25. VC investment contracts (1)
1. Virtually all private investments are structured as convertible
preferred with redemption features and often include warrants
to acquire additional shares.
The convertible preferred allows private investors to have a priority claim while
sharing in the upside.
This structure can increase the size of the cash flow pie by controlling agency
problems and reducing information asymmetries.
1. Virtually all venture investments involve staged commitments.

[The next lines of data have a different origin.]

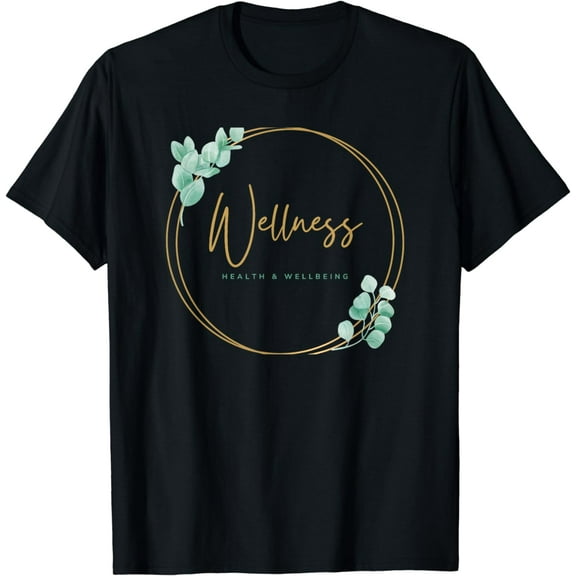 Wellness, Health and Wellbeing T-Shirt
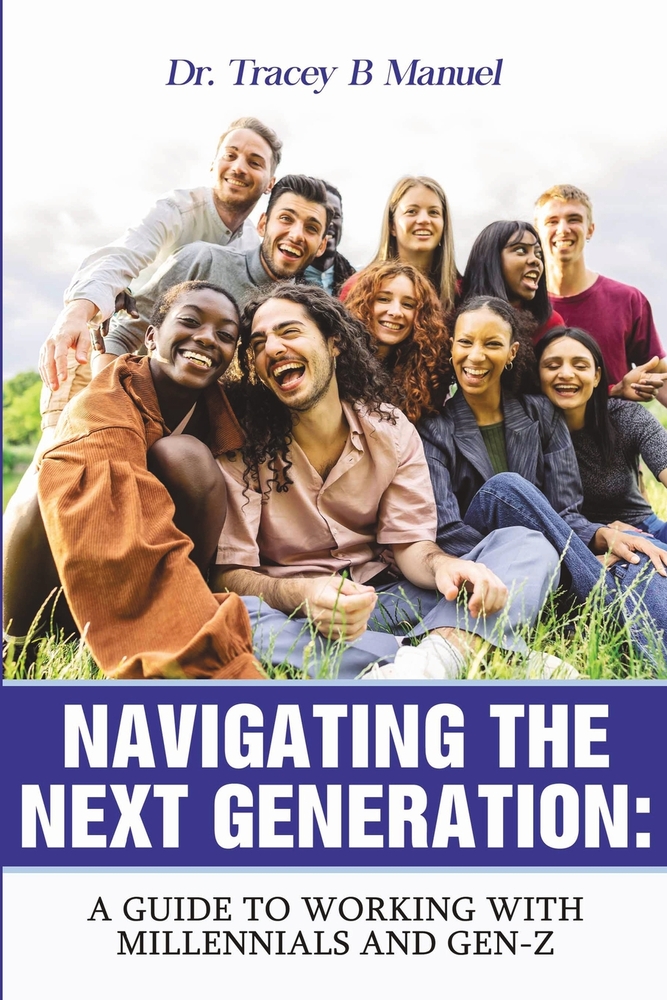 Navigating the Next Generation: A Guide to Working with Millennials and Gen-Z cover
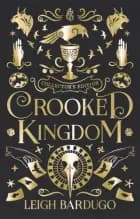 Crooked Kingdom: Collector's Edition af Leigh Bardugo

Staged commitments add value by creating an option to abandon
(a put option).
Staged commitments also give the venture capitalist the option to revalue and
expand their investment at future dates.
1. Most private investment provide for some form of investor control
that is often tied to the performance of the venture.
26. Staged capital infusions
• Rather than giving the entrepreneur all the money up front, VCs
provide funding at discrete stages over time. At the end of each
stage, prospects of the firm are reevaluated. If the VC discovers
some negative information he has the option to abandon the project.
• Staged capital infusion keeps the entrepreneur on a “short leash”
and reduces his incentives to use the firm’s capital for his personal
benefit and at the expense of the VCs.
• As the potential conflict of interest between the entrepreneur and
the VC increases, the duration of funding decreases and the
frequency of reevaluations increases.
27. Control mechanisms
• Most venture contracts defined triggers for cash flows, voting, and
other control rights. In general the better the performance the less
VC control.
• Corporate control mechanisms.
– Private investors typically get at least a few board seats.
– Voting control is based on the percentage ownership: Often times a particular
issue votes as a block (even though there may be a number of individual
shareholders).
– Control is often tied to targets… i.e. sales or operating targets when reached
increase entrepreneurial control.
28. Other ways to control
entrepreneurs
• VCs may discipline entrepreneurs or managers by firing them
(remember VCs often take controlling stakes and board
memberships in the firms that they invest):
Right to repurchase shares from departing managers from below market price
Vesting schedules limit the number of shares employees can get if they leave
prematurely
Non-compete clauses
• Managers are compensated mostly with stock options, which
increases incentives to maximize firm value. This might of course
also provide incentives to increase risk, so close monitoring is
necessary.
• Active involvement in management of the firm
• Should you invest in the jockey or the horse?